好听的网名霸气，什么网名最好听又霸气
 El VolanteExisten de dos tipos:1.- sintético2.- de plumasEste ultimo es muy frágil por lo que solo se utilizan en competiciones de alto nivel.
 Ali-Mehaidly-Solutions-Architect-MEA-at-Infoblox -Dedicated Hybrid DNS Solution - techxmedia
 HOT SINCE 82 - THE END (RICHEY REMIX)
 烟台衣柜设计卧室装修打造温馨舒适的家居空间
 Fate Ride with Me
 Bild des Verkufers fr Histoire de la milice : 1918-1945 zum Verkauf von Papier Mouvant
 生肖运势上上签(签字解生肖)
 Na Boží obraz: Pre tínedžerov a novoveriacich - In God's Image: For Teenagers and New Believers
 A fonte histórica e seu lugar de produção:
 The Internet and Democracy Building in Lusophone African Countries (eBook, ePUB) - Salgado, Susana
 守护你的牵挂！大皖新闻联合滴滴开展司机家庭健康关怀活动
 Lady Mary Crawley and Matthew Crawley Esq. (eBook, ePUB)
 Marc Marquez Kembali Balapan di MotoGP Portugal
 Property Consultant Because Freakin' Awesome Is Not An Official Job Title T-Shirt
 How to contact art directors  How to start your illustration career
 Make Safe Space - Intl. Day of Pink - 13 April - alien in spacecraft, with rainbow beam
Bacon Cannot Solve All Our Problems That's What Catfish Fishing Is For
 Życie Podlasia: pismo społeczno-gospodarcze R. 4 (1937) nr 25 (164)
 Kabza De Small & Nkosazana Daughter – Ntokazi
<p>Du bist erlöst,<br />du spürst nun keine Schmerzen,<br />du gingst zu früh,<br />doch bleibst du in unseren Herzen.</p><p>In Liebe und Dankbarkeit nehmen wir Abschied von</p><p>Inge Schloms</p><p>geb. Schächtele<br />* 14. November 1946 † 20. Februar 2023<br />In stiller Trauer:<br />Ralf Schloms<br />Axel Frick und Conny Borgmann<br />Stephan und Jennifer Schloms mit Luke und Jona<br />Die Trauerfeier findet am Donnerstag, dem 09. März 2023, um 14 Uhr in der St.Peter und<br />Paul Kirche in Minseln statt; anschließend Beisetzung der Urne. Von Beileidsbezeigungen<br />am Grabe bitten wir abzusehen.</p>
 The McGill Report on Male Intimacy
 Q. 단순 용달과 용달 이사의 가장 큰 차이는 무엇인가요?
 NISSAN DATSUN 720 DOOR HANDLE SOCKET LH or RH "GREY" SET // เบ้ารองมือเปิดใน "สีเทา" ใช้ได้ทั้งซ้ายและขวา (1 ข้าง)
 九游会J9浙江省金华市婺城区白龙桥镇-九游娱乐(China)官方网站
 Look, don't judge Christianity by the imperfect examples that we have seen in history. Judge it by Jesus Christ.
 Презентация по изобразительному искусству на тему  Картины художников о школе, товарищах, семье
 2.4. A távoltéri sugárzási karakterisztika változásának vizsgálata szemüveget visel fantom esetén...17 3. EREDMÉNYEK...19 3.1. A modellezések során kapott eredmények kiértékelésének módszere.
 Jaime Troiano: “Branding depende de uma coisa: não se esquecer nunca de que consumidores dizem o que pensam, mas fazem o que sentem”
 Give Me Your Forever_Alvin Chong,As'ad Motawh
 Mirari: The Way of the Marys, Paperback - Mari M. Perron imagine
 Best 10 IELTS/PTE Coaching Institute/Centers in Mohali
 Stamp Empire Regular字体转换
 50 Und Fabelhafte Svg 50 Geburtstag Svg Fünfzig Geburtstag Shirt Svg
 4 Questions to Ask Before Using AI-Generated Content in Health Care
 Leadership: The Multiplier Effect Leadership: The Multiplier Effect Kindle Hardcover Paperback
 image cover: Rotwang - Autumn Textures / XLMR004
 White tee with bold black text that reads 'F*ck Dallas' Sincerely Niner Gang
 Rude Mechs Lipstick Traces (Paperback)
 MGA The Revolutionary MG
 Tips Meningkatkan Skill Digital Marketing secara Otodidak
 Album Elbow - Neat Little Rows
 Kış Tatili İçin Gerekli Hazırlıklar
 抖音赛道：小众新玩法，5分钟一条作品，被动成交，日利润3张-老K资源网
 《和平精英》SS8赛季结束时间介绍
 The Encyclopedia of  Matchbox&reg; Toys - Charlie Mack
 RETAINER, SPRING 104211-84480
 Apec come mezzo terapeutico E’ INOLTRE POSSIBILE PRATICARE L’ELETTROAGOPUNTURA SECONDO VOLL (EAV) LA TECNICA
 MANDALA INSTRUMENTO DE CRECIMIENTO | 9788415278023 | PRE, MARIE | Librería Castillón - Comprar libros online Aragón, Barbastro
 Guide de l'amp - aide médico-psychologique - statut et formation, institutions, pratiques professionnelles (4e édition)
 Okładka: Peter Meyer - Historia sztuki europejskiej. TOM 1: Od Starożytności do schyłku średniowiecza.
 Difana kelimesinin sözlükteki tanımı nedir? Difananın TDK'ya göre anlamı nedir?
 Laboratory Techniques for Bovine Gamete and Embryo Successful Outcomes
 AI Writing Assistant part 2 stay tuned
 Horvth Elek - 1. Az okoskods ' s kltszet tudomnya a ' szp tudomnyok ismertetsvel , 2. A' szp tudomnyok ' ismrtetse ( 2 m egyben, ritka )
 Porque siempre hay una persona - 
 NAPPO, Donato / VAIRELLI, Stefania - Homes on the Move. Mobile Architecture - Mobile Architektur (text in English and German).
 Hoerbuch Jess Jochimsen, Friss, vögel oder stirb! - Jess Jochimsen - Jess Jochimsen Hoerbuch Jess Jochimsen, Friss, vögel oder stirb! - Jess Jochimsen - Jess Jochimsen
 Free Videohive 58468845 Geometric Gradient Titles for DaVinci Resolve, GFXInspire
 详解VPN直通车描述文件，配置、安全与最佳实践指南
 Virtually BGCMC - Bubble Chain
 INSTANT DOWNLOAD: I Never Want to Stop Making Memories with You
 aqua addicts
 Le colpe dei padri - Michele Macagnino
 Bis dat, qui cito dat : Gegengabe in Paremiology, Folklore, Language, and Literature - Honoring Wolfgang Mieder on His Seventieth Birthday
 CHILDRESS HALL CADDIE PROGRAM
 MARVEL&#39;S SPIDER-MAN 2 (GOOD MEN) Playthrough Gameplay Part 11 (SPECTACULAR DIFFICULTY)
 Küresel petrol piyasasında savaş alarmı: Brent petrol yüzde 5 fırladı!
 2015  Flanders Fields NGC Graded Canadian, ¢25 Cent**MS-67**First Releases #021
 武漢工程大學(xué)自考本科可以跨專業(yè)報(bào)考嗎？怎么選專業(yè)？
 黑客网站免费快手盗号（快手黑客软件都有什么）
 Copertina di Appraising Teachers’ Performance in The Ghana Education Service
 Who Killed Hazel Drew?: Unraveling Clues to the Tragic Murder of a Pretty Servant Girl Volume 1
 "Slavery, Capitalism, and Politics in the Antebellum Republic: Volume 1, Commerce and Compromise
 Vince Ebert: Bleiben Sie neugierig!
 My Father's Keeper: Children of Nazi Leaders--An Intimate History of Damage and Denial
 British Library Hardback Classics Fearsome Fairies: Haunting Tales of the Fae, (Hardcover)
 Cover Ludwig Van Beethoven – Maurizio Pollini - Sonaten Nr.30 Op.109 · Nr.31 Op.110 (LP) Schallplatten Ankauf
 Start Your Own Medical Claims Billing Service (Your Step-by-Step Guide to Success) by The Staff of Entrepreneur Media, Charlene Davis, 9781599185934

Assigned task - Would you transcribe the entries above exactly as they appear?

Exercise result -
好听的网名霸气，什么网名最好听又霸气
 El VolanteExisten de dos tipos:1.- sintético2.- de plumasEste ultimo es muy frágil por lo que solo se utilizan en competiciones de alto nivel.
 Ali-Mehaidly-Solutions-Architect-MEA-at-Infoblox -Dedicated Hybrid DNS Solution - techxmedia
 HOT SINCE 82 - THE END (RICHEY REMIX)
 烟台衣柜设计卧室装修打造温馨舒适的家居空间
 Fate Ride with Me
 Bild des Verkufers fr Histoire de la milice : 1918-1945 zum Verkauf von Papier Mouvant
 生肖运势上上签(签字解生肖)
 Na Boží obraz: Pre tínedžerov a novoveriacich - In God's Image: For Teenagers and New Believers
 A fonte histórica e seu lugar de produção:
 The Internet and Democracy Building in Lusophone African Countries (eBook, ePUB) - Salgado, Susana
 守护你的牵挂！大皖新闻联合滴滴开展司机家庭健康关怀活动
 Lady Mary Crawley and Matthew Crawley Esq. (eBook, ePUB)
 Marc Marquez Kembali Balapan di MotoGP Portugal
 Property Consultant Because Freakin' Awesome Is Not An Official Job Title T-Shirt
 How to contact art directors  How to start your illustration career
 Make Safe Space - Intl. Day of Pink - 13 April - alien in spacecraft, with rainbow beam
Bacon Cannot Solve All Our Problems That's What Catfish Fishing Is For
 Życie Podlasia: pismo społeczno-gospodarcze R. 4 (1937) nr 25 (164)
 Kabza De Small & Nkosazana Daughter – Ntokazi
<p>Du bist erlöst,<br />du spürst nun keine Schmerzen,<br />du gingst zu früh,<br />doch bleibst du in unseren Herzen.</p><p>In Liebe und Dankbarkeit nehmen wir Abschied von</p><p>Inge Schloms</p><p>geb. Schächtele<br />* 14. November 1946 † 20. Februar 2023<br />In stiller Trauer:<br />Ralf Schloms<br />Axel Frick und Conny Borgmann<br />Stephan und Jennifer Schloms mit Luke und Jona<br />Die Trauerfeier findet am Donnerstag, dem 09. März 2023, um 14 Uhr in der St.Peter und<br />Paul Kirche in Minseln statt; anschließend Beisetzung der Urne. Von Beileidsbezeigungen<br />am Grabe bitten wir abzusehen.</p>
 The McGill Report on Male Intimacy
 Q. 단순 용달과 용달 이사의 가장 큰 차이는 무엇인가요?
 NISSAN DATSUN 720 DOOR HANDLE SOCKET LH or RH "GREY" SET // เบ้ารองมือเปิดใน "สีเทา" ใช้ได้ทั้งซ้ายและขวา (1 ข้าง)
 九游会J9浙江省金华市婺城区白龙桥镇-九游娱乐(China)官方网站
 Look, don't judge Christianity by the imperfect examples that we have seen in history. Judge it by Jesus Christ.
 Презентация по изобразительному искусству на тему  Картины художников о школе, товарищах, семье
 2.4. A távoltéri sugárzási karakterisztika változásának vizsgálata szemüveget visel fantom esetén...17 3. EREDMÉNYEK...19 3.1. A modellezések során kapott eredmények kiértékelésének módszere.
 Jaime Troiano: “Branding depende de uma coisa: não se esquecer nunca de que consumidores dizem o que pensam, mas fazem o que sentem”
 Give Me Your Forever_Alvin Chong,As'ad Motawh
 Mirari: The Way of the Marys, Paperback - Mari M. Perron imagine
 Best 10 IELTS/PTE Coaching Institute/Centers in Mohali
 Stamp Empire Regular字体转换
 50 Und Fabelhafte Svg 50 Geburtstag Svg Fünfzig Geburtstag Shirt Svg
 4 Questions to Ask Before Using AI-Generated Content in Health Care
 Leadership: The Multiplier Effect Leadership: The Multiplier Effect Kindle Hardcover Paperback
 image cover: Rotwang - Autumn Textures / XLMR004
 White tee with bold black text that reads 'F*ck Dallas' Sincerely Niner Gang
 Rude Mechs Lipstick Traces (Paperback)
 MGA The Revolutionary MG
 Tips Meningkatkan Skill Digital Marketing secara Otodidak
 Album Elbow - Neat Little Rows
 Kış Tatili İçin Gerekli Hazırlıklar
 抖音赛道：小众新玩法，5分钟一条作品，被动成交，日利润3张-老K资源网
 《和平精英》SS8赛季结束时间介绍
 The Encyclopedia of  Matchbox&reg; Toys - Charlie Mack
 RETAINER, SPRING 104211-84480
 Apec come mezzo terapeutico E’ INOLTRE POSSIBILE PRATICARE L’ELETTROAGOPUNTURA SECONDO VOLL (EAV) LA TECNICA
 MANDALA INSTRUMENTO DE CRECIMIENTO | 9788415278023 | PRE, MARIE | Librería Castillón - Comprar libros online Aragón, Barbastro
 Guide de l'amp - aide médico-psychologique - statut et formation, institutions, pratiques professionnelles (4e édition)
 Okładka: Peter Meyer - Historia sztuki europejskiej. TOM 1: Od Starożytności do schyłku średniowiecza.
 Difana kelimesinin sözlükteki tanımı nedir? Difananın TDK'ya göre anlamı nedir?
 Laboratory Techniques for Bovine Gamete and Embryo Successful Outcomes
 AI Writing Assistant part 2 stay tuned
 Horvth Elek - 1. Az okoskods ' s kltszet tudomnya a ' szp tudomnyok ismertetsvel , 2. A' szp tudomnyok ' ismrtetse ( 2 m egyben, ritka )
 Porque siempre hay una persona - 
 NAPPO, Donato / VAIRELLI, Stefania - Homes on the Move. Mobile Architecture - Mobile Architektur (text in English and German).
 Hoerbuch Jess Jochimsen, Friss, vögel oder stirb! - Jess Jochimsen - Jess Jochimsen Hoerbuch Jess Jochimsen, Friss, vögel oder stirb! - Jess Jochimsen - Jess Jochimsen
 Free Videohive 58468845 Geometric Gradient Titles for DaVinci Resolve, GFXInspire
 详解VPN直通车描述文件，配置、安全与最佳实践指南
 Virtually BGCMC - Bubble Chain
 INSTANT DOWNLOAD: I Never Want to Stop Making Memories with You
 aqua addicts
 Le colpe dei padri - Michele Macagnino
 Bis dat, qui cito dat : Gegengabe in Paremiology, Folklore, Language, and Literature - Honoring Wolfgang Mieder on His Seventieth Birthday
 CHILDRESS HALL CADDIE PROGRAM
 MARVEL&#39;S SPIDER-MAN 2 (GOOD MEN) Playthrough Gameplay Part 11 (SPECTACULAR DIFFICULTY)
 Küresel petrol piyasasında savaş alarmı: Brent petrol yüzde 5 fırladı!
 2015  Flanders Fields NGC Graded Canadian, ¢25 Cent**MS-67**First Releases #021
 武漢工程大學(xué)自考本科可以跨專業(yè)報(bào)考嗎？怎么選專業(yè)？
 黑客网站免费快手盗号（快手黑客软件都有什么）
 Copertina di Appraising Teachers’ Performance in The Ghana Education Service
 Who Killed Hazel Drew?: Unraveling Clues to the Tragic Murder of a Pretty Servant Girl Volume 1
 "Slavery, Capitalism, and Politics in the Antebellum Republic: Volume 1, Commerce and Compromise
 Vince Ebert: Bleiben Sie neugierig!
 My Father's Keeper: Children of Nazi Leaders--An Intimate History of Damage and Denial
 British Library Hardback Classics Fearsome Fairies: Haunting Tales of the Fae, (Hardcover)
 Cover Ludwig Van Beethoven – Maurizio Pollini - Sonaten Nr.30 Op.109 · Nr.31 Op.110 (LP) Schallplatten Ankauf
 Start Your Own Medical Claims Billing Service (Your Step-by-Step Guide to Success) by The Staff of Entrepreneur Media, Charlene Davis, 9781599185934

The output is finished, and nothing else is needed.